Writing With Malice Aforethought revealed a treasury of surprises for me. Authors like to believe they create their worlds but truthfully, characters sometimes hijack their own stories. While planning the third novel in the Meredith Ryan series, I knew I wanted to have a bit of romantic interest between the two lead characters, Meredith and her partner Nick Reyes. While I’m an inveterate outliner, I always leave enough room for detours. They changed direction on me a few times in the previous novel and felt I had to let them do the same again. They did. And boy, did they surprise me. Especially the ending.
The plot revolves around a murder in the beautiful rural countryside of Sonoma County (California). The homicide takes the deputies into the remote hills where they discover an active militia planning an insidious attack on the local population. Even though I wrote this in 2017, the story could be “ripped from today’s headlines.” Using the Southern Poverty Law Center, a periodical that tracks hate crimes and anti-government movements, it was easy to dream up the fictitious domestic terrorists. Seeing parts of the story come true has been shocking.

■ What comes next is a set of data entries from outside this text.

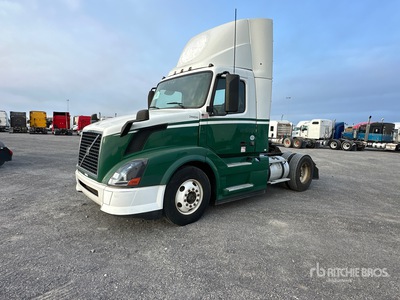 2014 Volvo VNL 4x2 تراكتور شاحنة (أحادي المحور)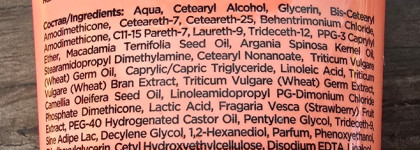 Аромат лета: Dolce Milk Hair Mask Merry Miss Wild Strawberry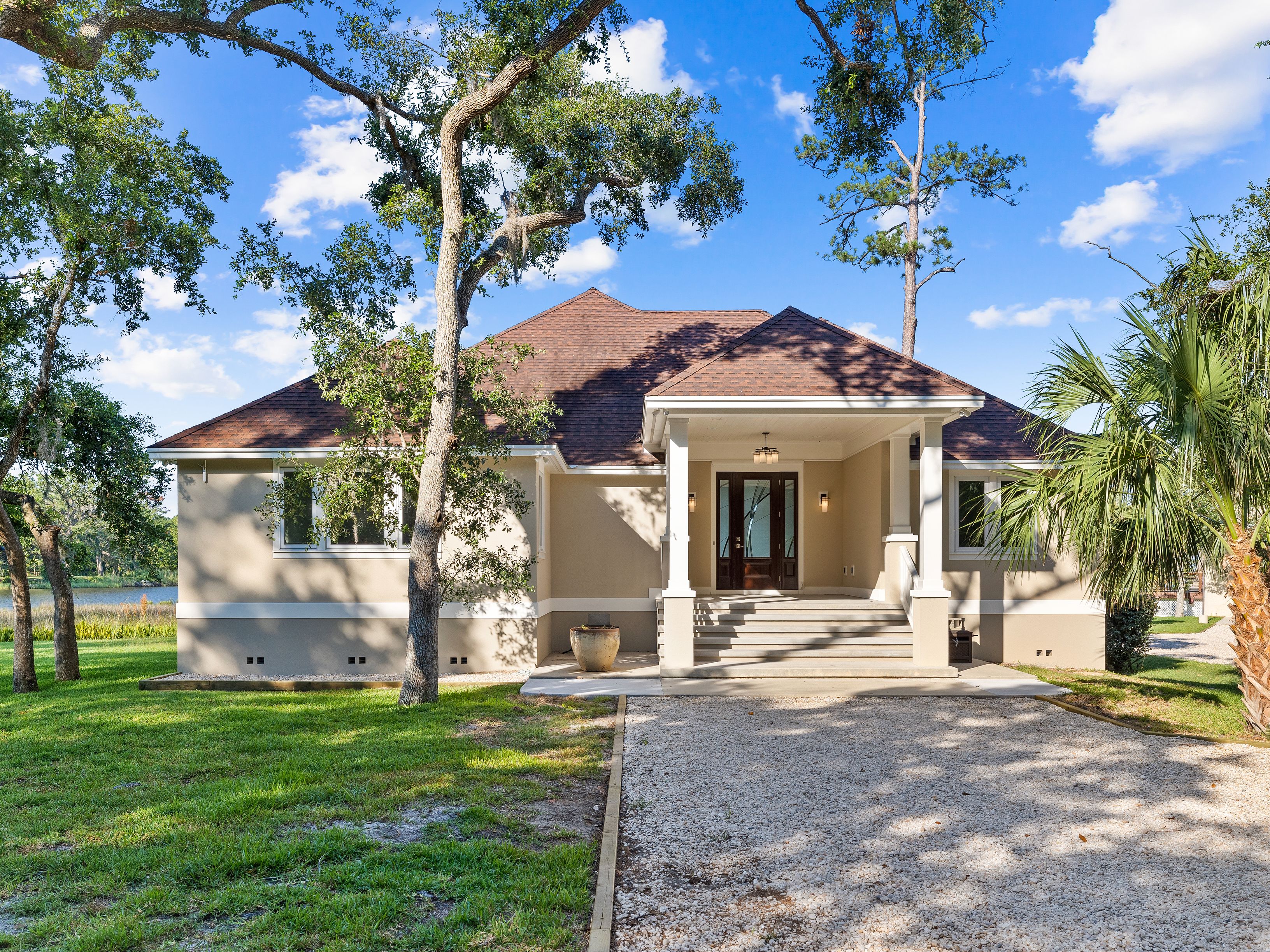  A Once-in-a-Generation Waterfront Estate with 725 Feet Bayou-Frontage - 物件實景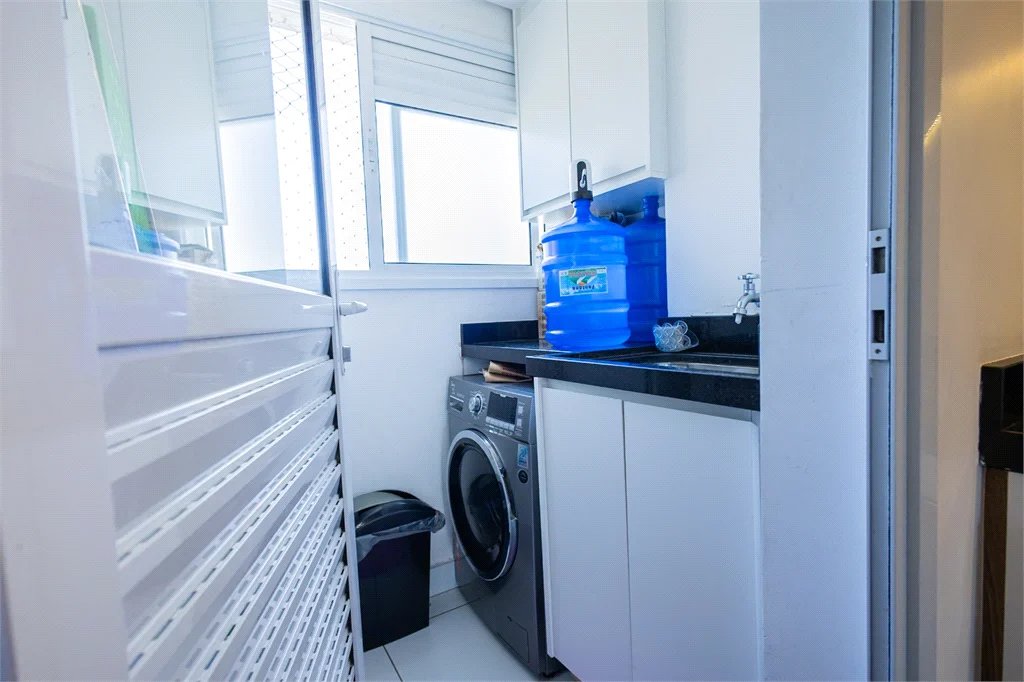 Apartamento à venda com 2 quartos, sendo 1 suíte,  em Pinheiros, São Paulo, SP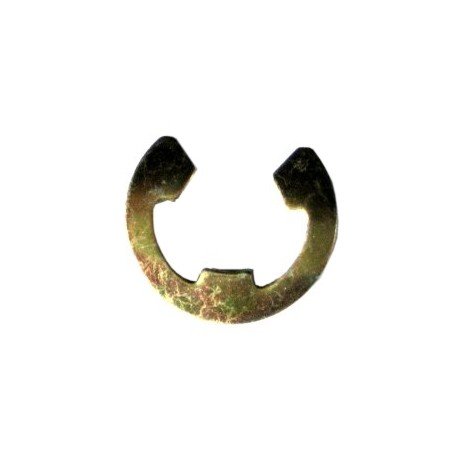 Rear wheel cylinder circlip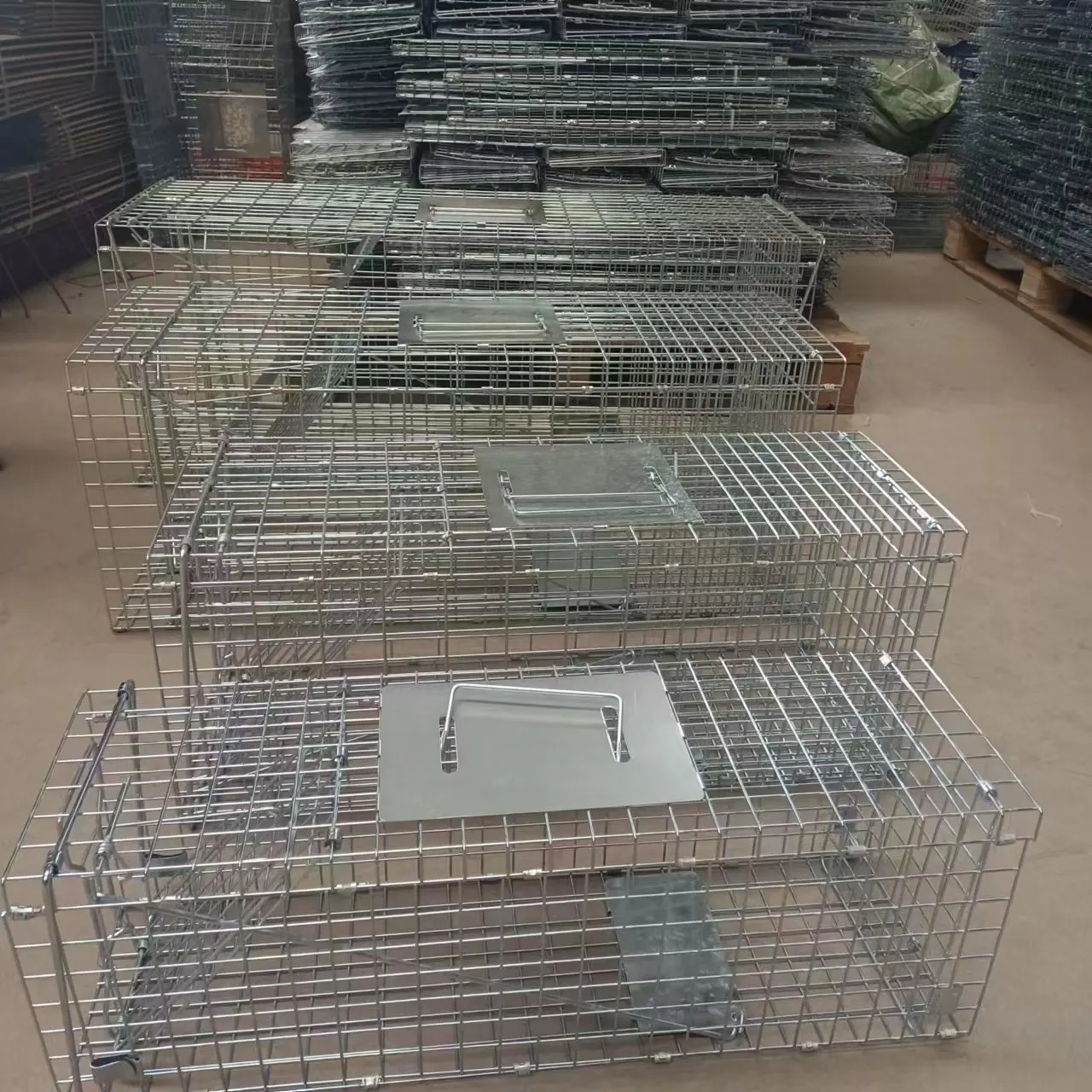 32 дюйма. X 15 дюймов 10 дюймов. Средняя ловушка для животных с горячим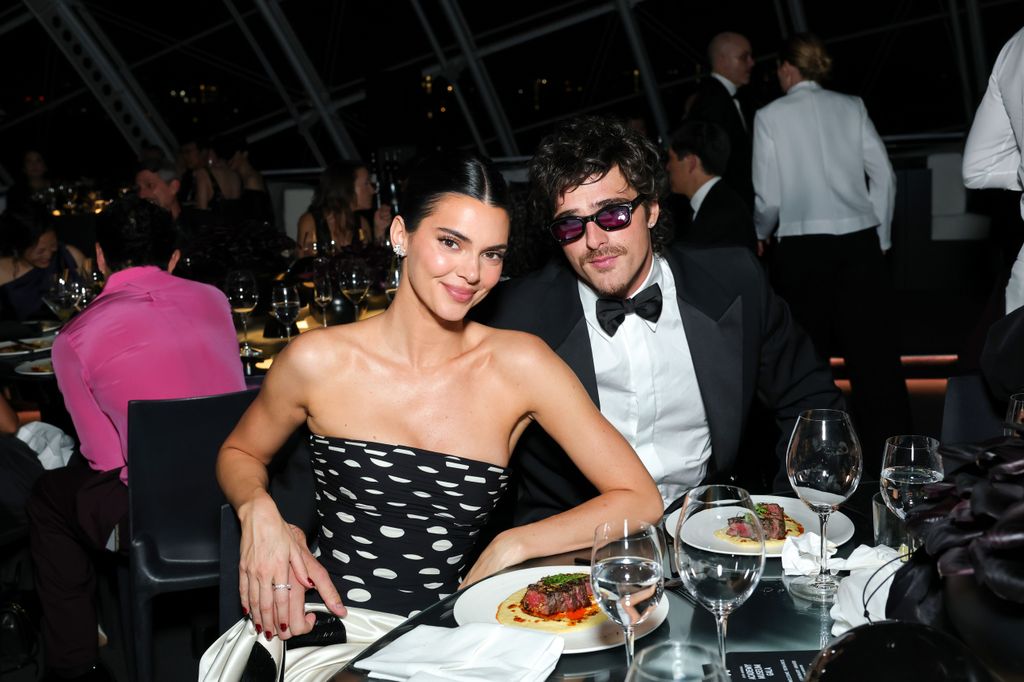 Kendall Jenner y Jacob Elordi posan juntos en la sexta edición de la Academy Museum Gala.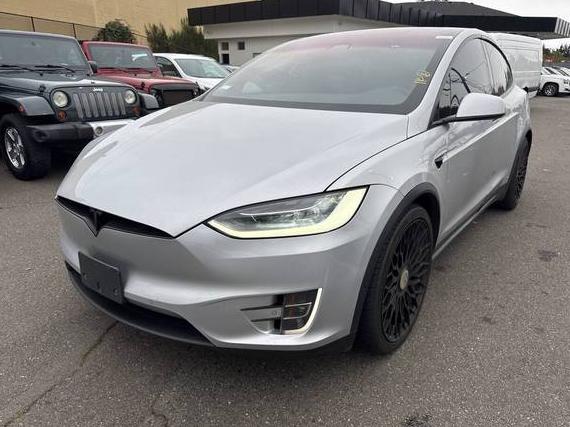 TESLA MODEL X 2018 5YJXCAE47JF096297 image TESLA MODEL X 2018 5YJXCAE47JF096297 image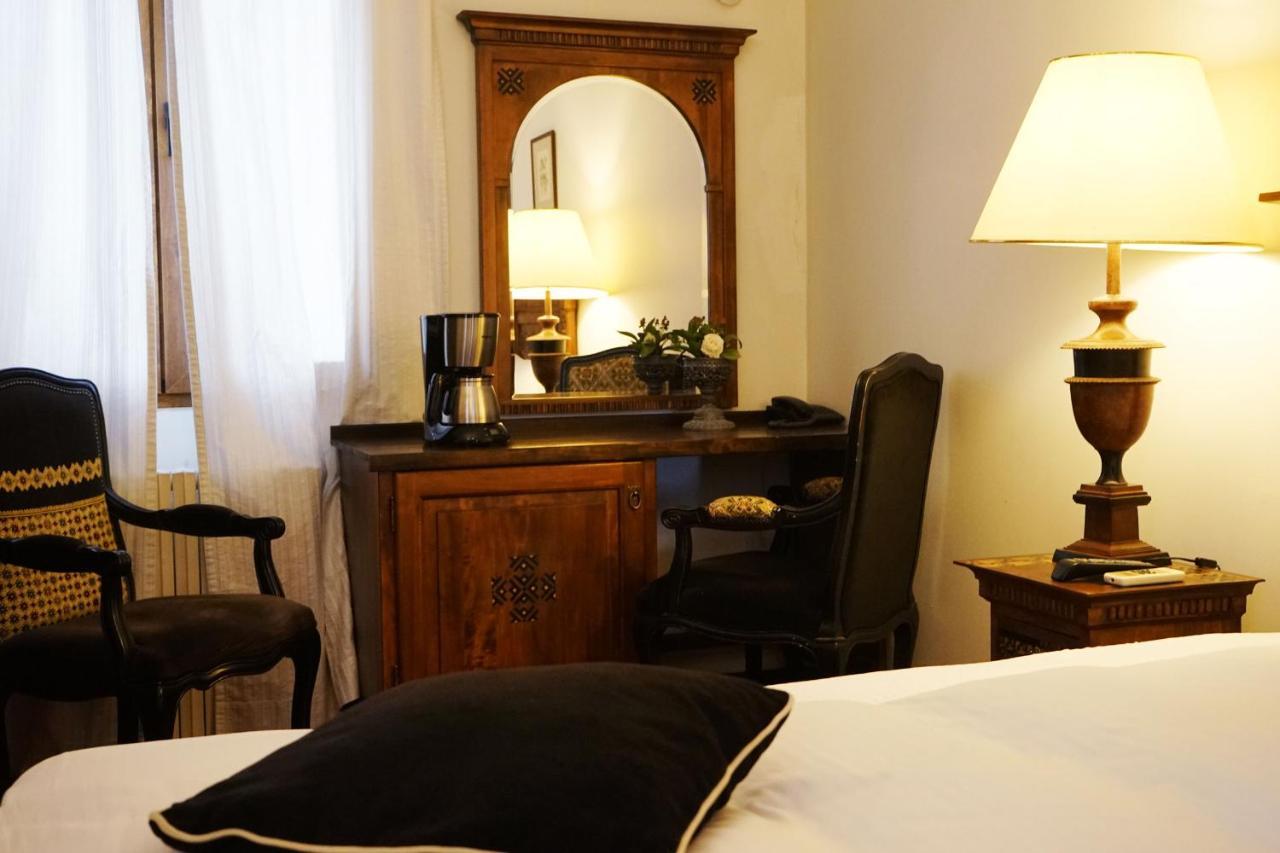 La Conac By Residence Hotels Bukares Bagian luar foto
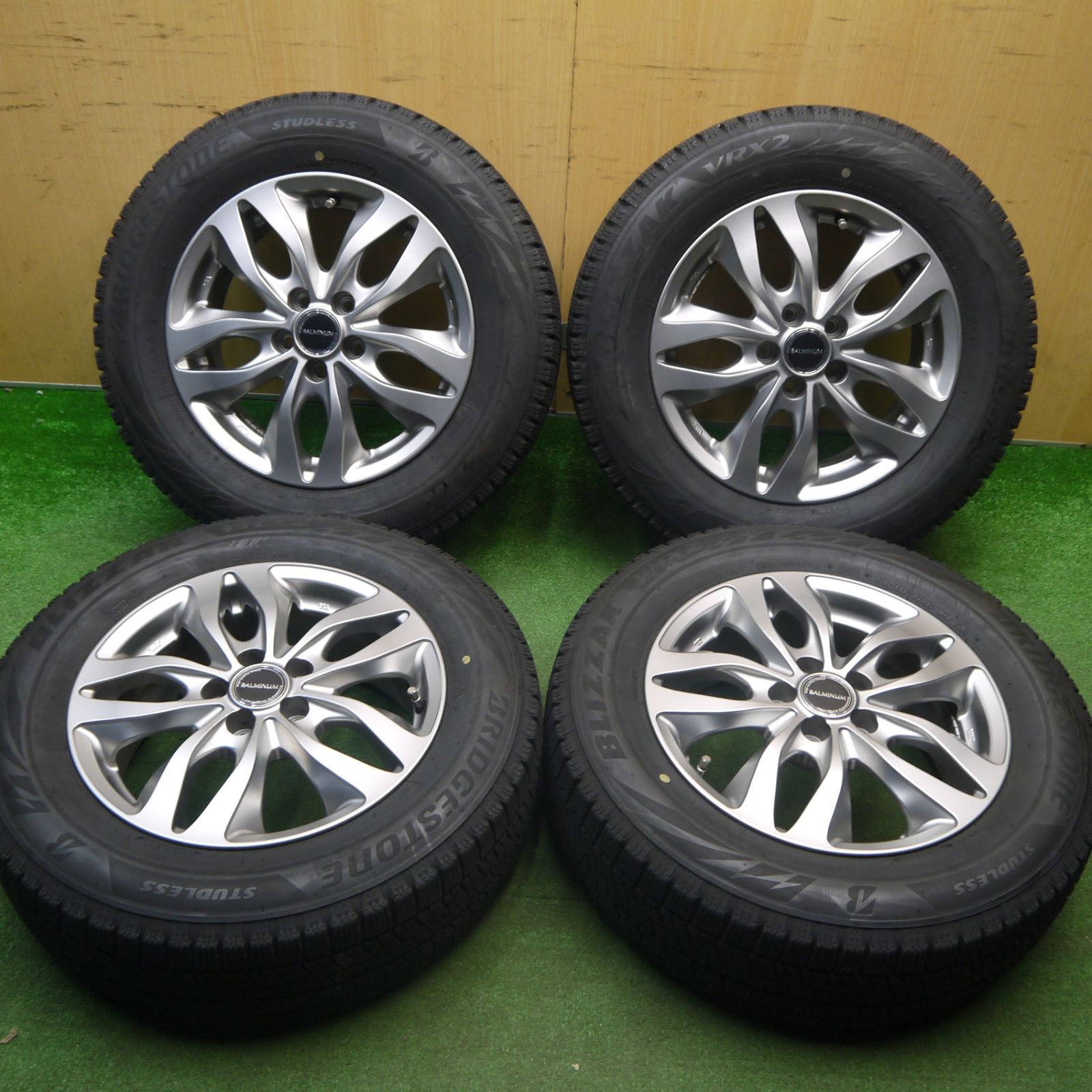 バリ溝！キレイ！8.5分☆プリウス 等 195/65R15 スタッドレス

Another eerie component which the author had little control over was the climax. Let me explain: It was October 2017. Using my retired firefighter husband as the best resource, I steered my hero into a chase scene taking place during a huge wildfire in the Sonoma County hills. I recall asking him about wildland fires-how they start and grow, what they feel like, the heat, the smoke, and flying embers...
While taking notes, I looked out a window and saw smoke. Not just smoke but a wall of it. A fire had started at Sears Point Raceway mere miles from our Petaluma home. My husband, who is not an alarmist, said to me, “If the wind is right, this fire can come right up to our back door.”
Thankfully, the local firefighters put that fire out fast. But the smoke didn’t dissipate. It grew thicker. Overnight, the Tubbs Fire in Santa Rosa, seventeen miles north of our home had erupted and caused catastrophic loss of life and property damage. This was the atmosphere in which I wrote the climax. I followed my outline, but drafting the story haunted me along with the smoke outside and my husband’s recollections. It was creepy.
I often use natural disasters in my books. They are compelling plot twists that go beyond character. By Force or Fear had a flood, a mudslide from torrential rains appears in Intent to Hold, and this wildfire in With Malice Aforethought. All these incidents have an impact on the characters in the story.
But by far, the wildfire in With Malice Aforethought is the eeriest.